_Web page caption snippets_.
********************

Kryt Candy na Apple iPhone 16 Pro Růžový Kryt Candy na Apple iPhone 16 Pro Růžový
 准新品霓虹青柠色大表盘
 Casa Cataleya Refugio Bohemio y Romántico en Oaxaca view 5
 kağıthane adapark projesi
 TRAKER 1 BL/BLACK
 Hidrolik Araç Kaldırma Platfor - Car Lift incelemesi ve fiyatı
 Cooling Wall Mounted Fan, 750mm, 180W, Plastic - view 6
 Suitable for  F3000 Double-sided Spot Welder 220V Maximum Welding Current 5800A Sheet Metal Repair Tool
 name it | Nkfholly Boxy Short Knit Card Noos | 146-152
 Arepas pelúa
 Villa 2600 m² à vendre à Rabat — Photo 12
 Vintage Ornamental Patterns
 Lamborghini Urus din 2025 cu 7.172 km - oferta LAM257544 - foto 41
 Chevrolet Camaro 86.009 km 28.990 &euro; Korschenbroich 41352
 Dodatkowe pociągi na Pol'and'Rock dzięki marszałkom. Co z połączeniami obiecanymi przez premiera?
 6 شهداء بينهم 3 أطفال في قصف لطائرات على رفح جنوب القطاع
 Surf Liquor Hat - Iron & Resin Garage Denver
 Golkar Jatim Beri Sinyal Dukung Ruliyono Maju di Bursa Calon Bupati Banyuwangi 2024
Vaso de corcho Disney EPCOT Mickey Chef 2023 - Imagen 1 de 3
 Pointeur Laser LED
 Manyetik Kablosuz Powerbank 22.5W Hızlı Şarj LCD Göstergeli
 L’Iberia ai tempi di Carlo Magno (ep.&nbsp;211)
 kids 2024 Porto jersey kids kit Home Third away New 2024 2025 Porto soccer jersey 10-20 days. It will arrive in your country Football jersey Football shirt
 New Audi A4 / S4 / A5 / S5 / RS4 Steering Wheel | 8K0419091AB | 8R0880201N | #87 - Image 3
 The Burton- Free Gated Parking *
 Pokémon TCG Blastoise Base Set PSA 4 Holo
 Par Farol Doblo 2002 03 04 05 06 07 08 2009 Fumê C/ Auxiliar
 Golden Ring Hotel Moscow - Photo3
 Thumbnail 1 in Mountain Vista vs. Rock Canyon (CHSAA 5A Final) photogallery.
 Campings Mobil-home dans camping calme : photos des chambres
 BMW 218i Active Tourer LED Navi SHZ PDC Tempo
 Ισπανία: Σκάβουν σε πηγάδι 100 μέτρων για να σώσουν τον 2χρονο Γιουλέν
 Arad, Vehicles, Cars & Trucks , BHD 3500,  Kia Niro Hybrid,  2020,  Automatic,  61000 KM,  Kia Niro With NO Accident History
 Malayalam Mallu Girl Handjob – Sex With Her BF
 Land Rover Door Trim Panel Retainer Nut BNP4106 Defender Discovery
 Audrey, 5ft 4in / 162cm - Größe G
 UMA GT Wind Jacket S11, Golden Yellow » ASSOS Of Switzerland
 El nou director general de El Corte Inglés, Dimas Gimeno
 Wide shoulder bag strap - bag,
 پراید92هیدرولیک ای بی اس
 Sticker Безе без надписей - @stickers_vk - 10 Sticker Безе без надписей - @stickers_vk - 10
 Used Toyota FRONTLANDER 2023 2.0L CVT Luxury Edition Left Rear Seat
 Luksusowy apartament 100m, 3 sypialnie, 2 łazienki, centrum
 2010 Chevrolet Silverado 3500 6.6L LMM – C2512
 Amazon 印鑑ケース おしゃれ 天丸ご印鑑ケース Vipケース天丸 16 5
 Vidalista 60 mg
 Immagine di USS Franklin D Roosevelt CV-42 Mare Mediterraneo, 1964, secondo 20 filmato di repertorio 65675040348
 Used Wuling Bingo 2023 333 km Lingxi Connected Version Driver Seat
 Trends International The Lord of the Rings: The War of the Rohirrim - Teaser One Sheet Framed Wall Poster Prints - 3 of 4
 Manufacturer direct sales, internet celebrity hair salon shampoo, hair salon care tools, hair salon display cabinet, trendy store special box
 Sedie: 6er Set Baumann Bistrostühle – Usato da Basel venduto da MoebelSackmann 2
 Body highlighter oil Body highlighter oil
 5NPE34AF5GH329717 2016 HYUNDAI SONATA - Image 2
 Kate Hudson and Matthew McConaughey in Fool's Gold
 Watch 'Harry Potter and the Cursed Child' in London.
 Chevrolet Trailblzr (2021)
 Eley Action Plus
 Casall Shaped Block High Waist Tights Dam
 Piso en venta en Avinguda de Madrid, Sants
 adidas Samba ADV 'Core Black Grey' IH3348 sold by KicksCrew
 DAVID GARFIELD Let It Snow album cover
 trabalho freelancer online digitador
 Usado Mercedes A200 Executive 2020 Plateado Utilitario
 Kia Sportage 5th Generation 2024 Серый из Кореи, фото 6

********************

_What to do_. Please return all of the entries shown above, exactly as they stand.

_Exercise response_.
Kryt Candy na Apple iPhone 16 Pro Růžový Kryt Candy na Apple iPhone 16 Pro Růžový
 准新品霓虹青柠色大表盘
 Casa Cataleya Refugio Bohemio y Romántico en Oaxaca view 5
 kağıthane adapark projesi
 TRAKER 1 BL/BLACK
 Hidrolik Araç Kaldırma Platfor - Car Lift incelemesi ve fiyatı
 Cooling Wall Mounted Fan, 750mm, 180W, Plastic - view 6
 Suitable for  F3000 Double-sided Spot Welder 220V Maximum Welding Current 5800A Sheet Metal Repair Tool
 name it | Nkfholly Boxy Short Knit Card Noos | 146-152
 Arepas pelúa
 Villa 2600 m² à vendre à Rabat — Photo 12
 Vintage Ornamental Patterns
 Lamborghini Urus din 2025 cu 7.172 km - oferta LAM257544 - foto 41
 Chevrolet Camaro 86.009 km 28.990 &euro; Korschenbroich 41352
 Dodatkowe pociągi na Pol'and'Rock dzięki marszałkom. Co z połączeniami obiecanymi przez premiera?
 6 شهداء بينهم 3 أطفال في قصف لطائرات على رفح جنوب القطاع
 Surf Liquor Hat - Iron & Resin Garage Denver
 Golkar Jatim Beri Sinyal Dukung Ruliyono Maju di Bursa Calon Bupati Banyuwangi 2024
Vaso de corcho Disney EPCOT Mickey Chef 2023 - Imagen 1 de 3
 Pointeur Laser LED
 Manyetik Kablosuz Powerbank 22.5W Hızlı Şarj LCD Göstergeli
 L’Iberia ai tempi di Carlo Magno (ep.&nbsp;211)
 kids 2024 Porto jersey kids kit Home Third away New 2024 2025 Porto soccer jersey 10-20 days. It will arrive in your country Football jersey Football shirt
 New Audi A4 / S4 / A5 / S5 / RS4 Steering Wheel | 8K0419091AB | 8R0880201N | #87 - Image 3
 The Burton- Free Gated Parking *
 Pokémon TCG Blastoise Base Set PSA 4 Holo
 Par Farol Doblo 2002 03 04 05 06 07 08 2009 Fumê C/ Auxiliar
 Golden Ring Hotel Moscow - Photo3
 Thumbnail 1 in Mountain Vista vs. Rock Canyon (CHSAA 5A Final) photogallery.
 Campings Mobil-home dans camping calme : photos des chambres
 BMW 218i Active Tourer LED Navi SHZ PDC Tempo
 Ισπανία: Σκάβουν σε πηγάδι 100 μέτρων για να σώσουν τον 2χρονο Γιουλέν
 Arad, Vehicles, Cars & Trucks , BHD 3500,  Kia Niro Hybrid,  2020,  Automatic,  61000 KM,  Kia Niro With NO Accident History
 Malayalam Mallu Girl Handjob – Sex With Her BF
 Land Rover Door Trim Panel Retainer Nut BNP4106 Defender Discovery
 Audrey, 5ft 4in / 162cm - Größe G
 UMA GT Wind Jacket S11, Golden Yellow » ASSOS Of Switzerland
 El nou director general de El Corte Inglés, Dimas Gimeno
 Wide shoulder bag strap - bag,
 پراید92هیدرولیک ای بی اس
 Sticker Безе без надписей - @stickers_vk - 10 Sticker Безе без надписей - @stickers_vk - 10
 Used Toyota FRONTLANDER 2023 2.0L CVT Luxury Edition Left Rear Seat
 Luksusowy apartament 100m, 3 sypialnie, 2 łazienki, centrum
 2010 Chevrolet Silverado 3500 6.6L LMM – C2512
 Amazon 印鑑ケース おしゃれ 天丸ご印鑑ケース Vipケース天丸 16 5
 Vidalista 60 mg
 Immagine di USS Franklin D Roosevelt CV-42 Mare Mediterraneo, 1964, secondo 20 filmato di repertorio 65675040348
 Used Wuling Bingo 2023 333 km Lingxi Connected Version Driver Seat
 Trends International The Lord of the Rings: The War of the Rohirrim - Teaser One Sheet Framed Wall Poster Prints - 3 of 4
 Manufacturer direct sales, internet celebrity hair salon shampoo, hair salon care tools, hair salon display cabinet, trendy store special box
 Sedie: 6er Set Baumann Bistrostühle – Usato da Basel venduto da MoebelSackmann 2
 Body highlighter oil Body highlighter oil
 5NPE34AF5GH329717 2016 HYUNDAI SONATA - Image 2
 Kate Hudson and Matthew McConaughey in Fool's Gold
 Watch 'Harry Potter and the Cursed Child' in London.
 Chevrolet Trailblzr (2021)
 Eley Action Plus
 Casall Shaped Block High Waist Tights Dam
 Piso en venta en Avinguda de Madrid, Sants
 adidas Samba ADV 'Core Black Grey' IH3348 sold by KicksCrew
 DAVID GARFIELD Let It Snow album cover
 trabalho freelancer online digitador
 Usado Mercedes A200 Executive 2020 Plateado Utilitario
 Kia Sportage 5th Generation 2024 Серый из Кореи, фото 6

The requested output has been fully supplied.